Scan taken from the online PDF
Comments: The picture is opening of the Fifth Seal from an early Lutheran bible, found here, page 165 http://www.osl.cc/copy090318_Revelation-1.pdf "And when he had opened the fifth seal, I saw under the altar the souls of them that were slain for the word of God, and for the testimony which they held: 10And they cried with a loud voice, saying, How long, O Lord, holy and true, dost thou not judge and avenge our blood on them that dwell on the earth? 11And white robes were given unto every one of them; and it was said unto them, that they should rest yet for a little season, until their fellowservants also and their brethren, that should be killed as they were, should be fulfilled." Leitmotiv here: http://www.poemhunter.com/best-poems/robert-lowell/the-drunken-fisherman/ Casting nets out further to find more like minded people? Luther quote: "CCXCVIII. Everything that is done in the world is done by hope. No husbandman would sow one grain of corn, if he hoped not it would grow up and become seed; no bachelor would marry a wife, if he hoped not to have children; no merchant or tradesman would set himself to work, if he did not hope to reap benefit thereby, &c. How much more, then, does hope urge us on to everlasting life and salvation?" The message seems both optimistic and resigned at the same time. Something ends, something begins? Also, it was published before Second Advent, (Adventus Glorificationis), which is the Advent of Second Coming in Lutheran calendar.

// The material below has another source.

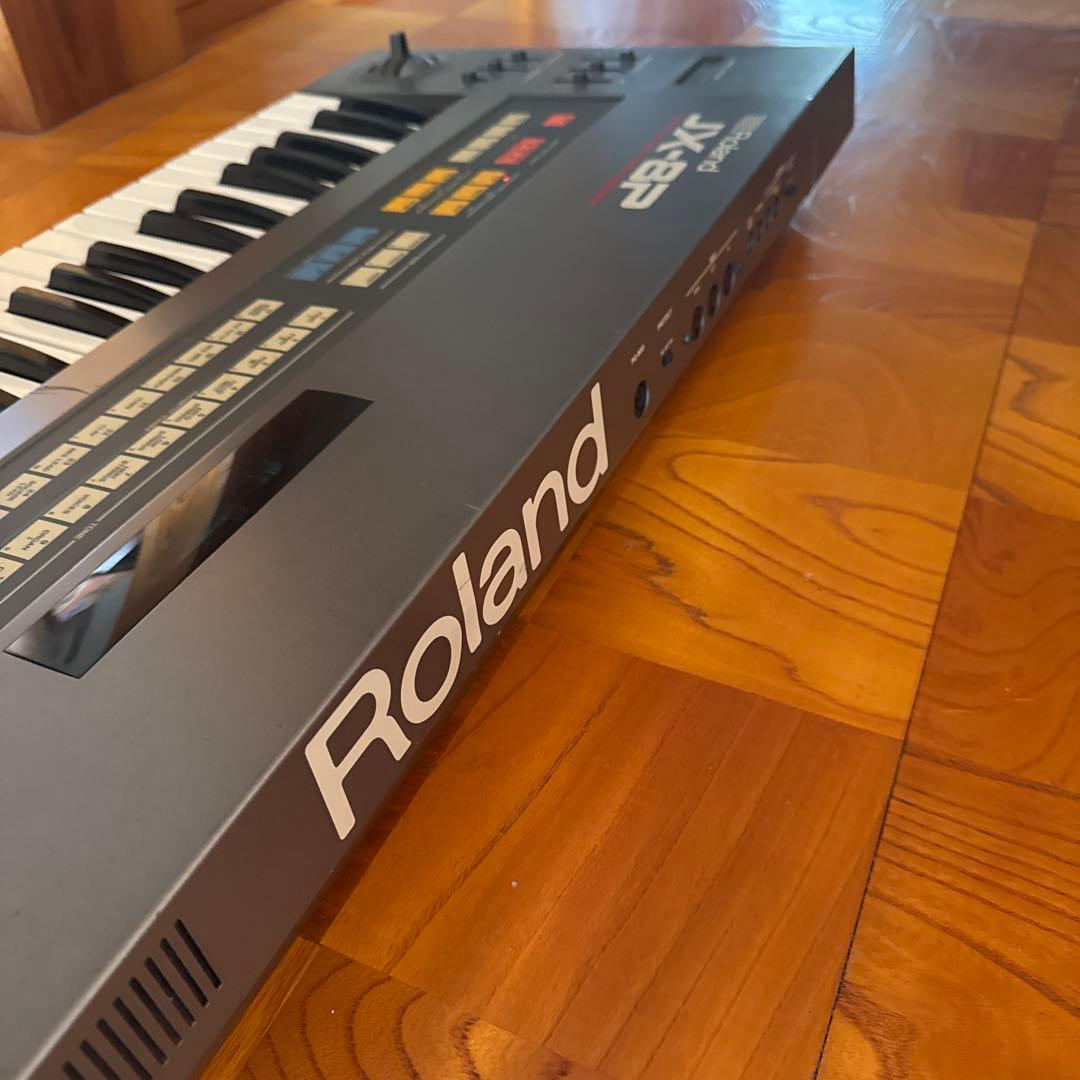 Roland JX-8P アナログシンセサイザー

I knew this page looked familiar! The image is the same one used in the bottom left corner of the May 1, 2008 ad. http://www.maydaymystery.org/mayday/texts/08-may1.html
the quote on the top "the fisher's son must cast about, when shallow waters peter out" is from the book Robert Lowell and the Sublime By Henry Hart when he quotes "the fisher's son must cast about, when shallow waters peter out. i will catch christ with a greased worm, and when the Prince of Darkness stalks my bloodstream to its stygian term...On water the man-fisher walks." in this book Henry Hart establishes the connection between Robert Lowell - one of the most important American poets of the last fifty years - and one of the principal sites of current aesthetic theory, the sublime, a prominent tradition in literature, which traces journeys beyond ordinary language and behavior into exalted states.